Ik laat mijn vrouwelijkheid niet bepalen door mijn borsten. Ik mis ze niet. Terwijl ik een grote cupmaat had en altijd enorm blij ben geweest met mijn borsten. Maar ik zie mijn kinderen liever opgroeien dan dat ik in bikini loop. Ook mijn eierstokken mis ik geen moment. Makkelijk praten? Ja. Want ik had al twee kinderen. Ik kan me heel goed voorstellen dat je je eierstokken niet laat verwijderen als je nog een kinderwens hebt. Maar eerlijk is eerlijk; die eierstokken verwijdert de chirurg toch pas als je eigenlijk al op een leeftijd bent waarop de kans dat je nog kinderen kunt krijgen heel klein is.
Ik weet dat mijn woorden voor sommigen heel hard klinken, maar het is hoe ik het voel. Toen mijn familie hoorde dat ik genetisch belast was en sommige familieleden twijfelden of ze zich wilden laten testen, maakte ik me enorm veel zorgen over hen. De opluchting was groot toen ze geen drager bleken te zijn! Dat was, in het zware proces van chemo’s, amputatie en bestralingen echt een lichtpuntje.
De andere kant van de medaille kwam helaas ook aan bod: mijn broertje heeft net een dochtertje gekregen en hij bleek wel gendrager te zijn. Maar het feit dat we dat weten en er dus rekening mee kunnen houden, zorgt op de een of andere manier ook voor opluchting.

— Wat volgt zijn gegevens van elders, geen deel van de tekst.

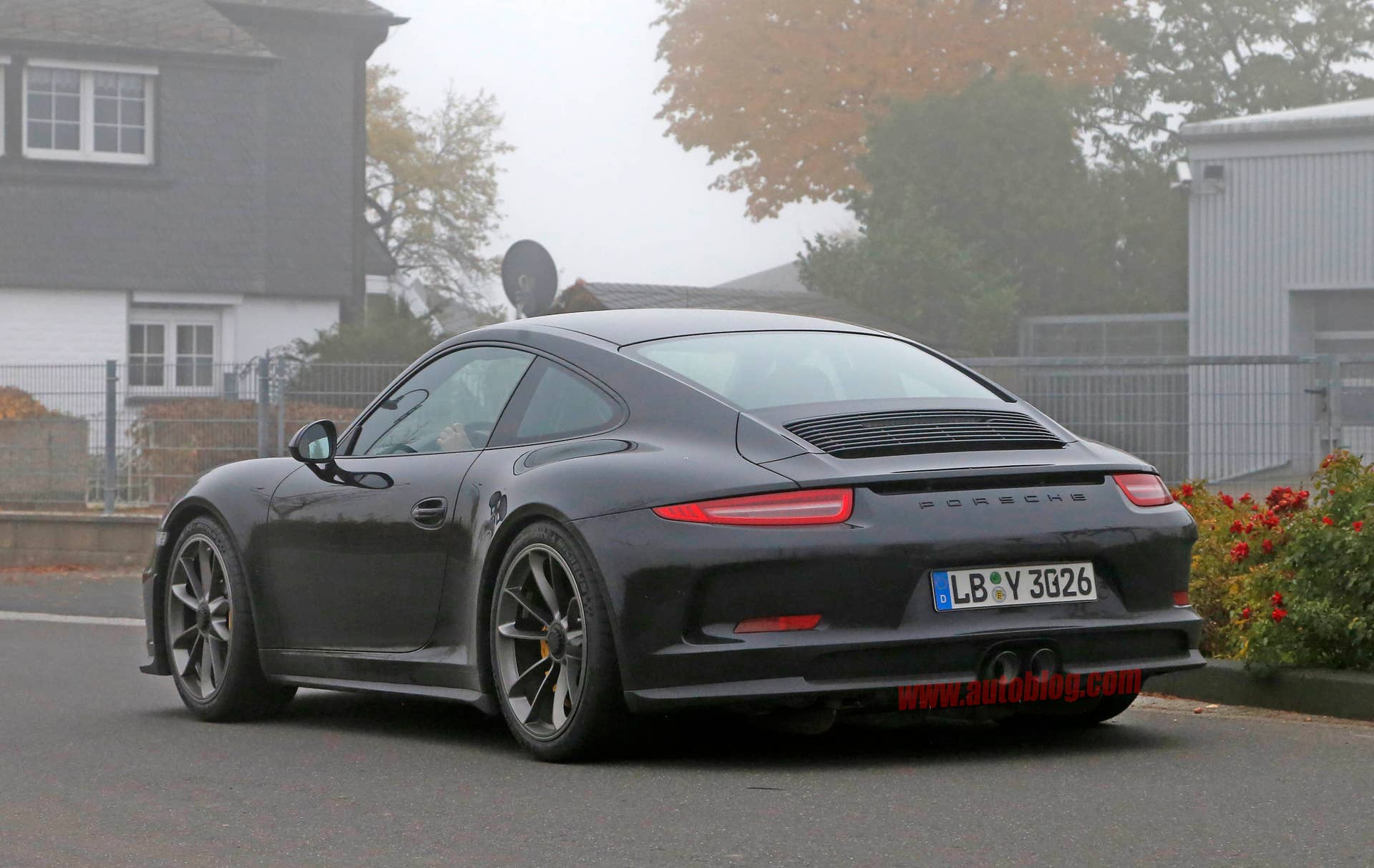 Porsche 911 R spied rear 3/4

Ik vind het wel lastig dat ik mijn eigen kinderen (een zoontje en een dochtertje) niet mag laten testen. We moeten wachten tot ze op zijn minst 16 zijn en dan mogen ze zelf beslissen. Ik snap dat heel goed, vanuit het recht op privacy, vanuit de problemen die het met zich mee kan brengen als je later een hypotheek af wilt sluiten, enzovoorts. Tegelijkertijd merk ik, dat als mijn dochter valt, ik meer geneigd ben te zeggen: “Joh, je gaat er niet dood van, even doorbijten!” dan om haar op schoot te trekken en fijn te knuffelen. Omdat ik haar nu al wil leren dat pijn relatief is en ik haar weerbaar wil maken voor als ooit blijkt dat ze het gen ook heeft.’
Détje, 37
Natuurlijk huilen we af en toe. Toen de kanker terugkwam had ik nog alle moed, maar dat het daarna was uitgezaaid, ja, dat was een enorme klap. Dan brandt je kaarsje niet zo zeker.